Deep But Reliable: Advancing Multi-turn Reasoning for Thinking with Images
Wenhao Yang, Yu Xia, Jinlong Huang, Shiyin Lu, Qing-Guo Chen, Zhao Xu, Weihua Luo, Kaifu Zhang, Yuanyu Wan, Lijun Zhang
TL;DR
DRIM tackles unreliable multi-turn reasoning in vision-language models by building a high-difficulty, verifiable visual QA dataset and training with a three-stage pipeline: cold-start supervised fine-tuning, followed by reinforcement learning with a redundancy-penalized objective to encourage self-reflection and broad multi-scale exploration. The method enables iterative zoom-in tool calls on high-resolution images, producing deep but reliable multimodal chain-of-thought. Experiments on high-resolution benchmarks show DRIM achieves state-of-the-art or competitive performance and the ablations validate the importance of each component.
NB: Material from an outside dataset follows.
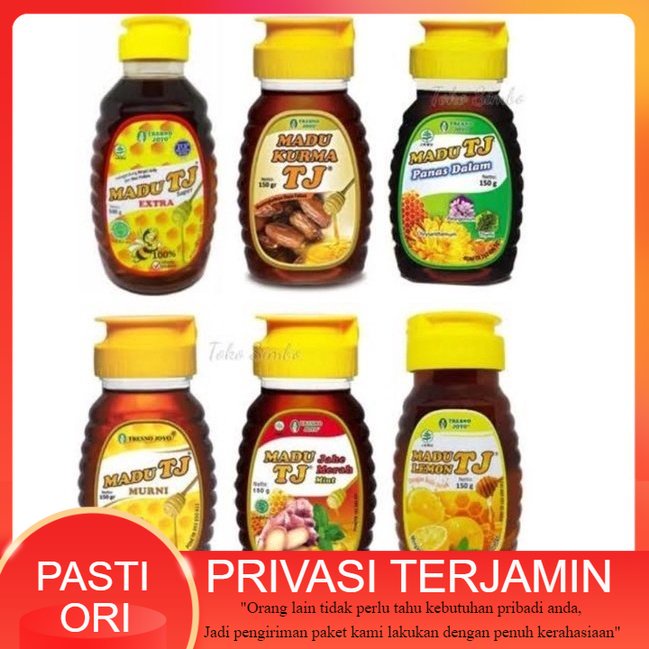 

Madu TJ 250 g / MADU TJ MURNI / MADU TJ JAHE MERAH MINT / MADU KURMA TJ / MATU TJ EXTRA / MADU TJ 250G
The work advances thinking-with-images paradigms and provides datasets, prompts, and training schemes for future research.
Abstract
Recent advances in large Vision-Language Models (VLMs) have exhibited strong reasoning capabilities on complex visual tasks by thinking with images in their Chain-of-Thought (CoT), which is achieved by actively invoking tools to analyze visual inputs rather than merely perceiving them. However, existing models often struggle to reflect on and correct themselves when attempting incorrect reasoning trajectories. To address this limitation, we propose DRIM, a model that enables deep but reliable multi-turn reasoning when thinking with images in its multimodal CoT. Our pipeline comprises three stages: data construction, cold-start SFT and RL. Based on a high-resolution image dataset, we construct high-difficulty and verifiable visual question-answer pairs, where solving each task requires multi-turn tool calls to reach the correct answer. In the SFT stage, we collect tool trajectories as cold-start data, guiding a multi-turn reasoning pattern. In the RL stage, we introduce redundancy-penalized policy optimization, which incentivizes the model to develop a self-reflective reasoning pattern. The basic idea is to impose judgment on reasoning trajectories and penalize those that produce incorrect answers without sufficient multi-scale exploration. Extensive experiments demonstrate that DRIM achieves superior performance on visual understanding benchmarks.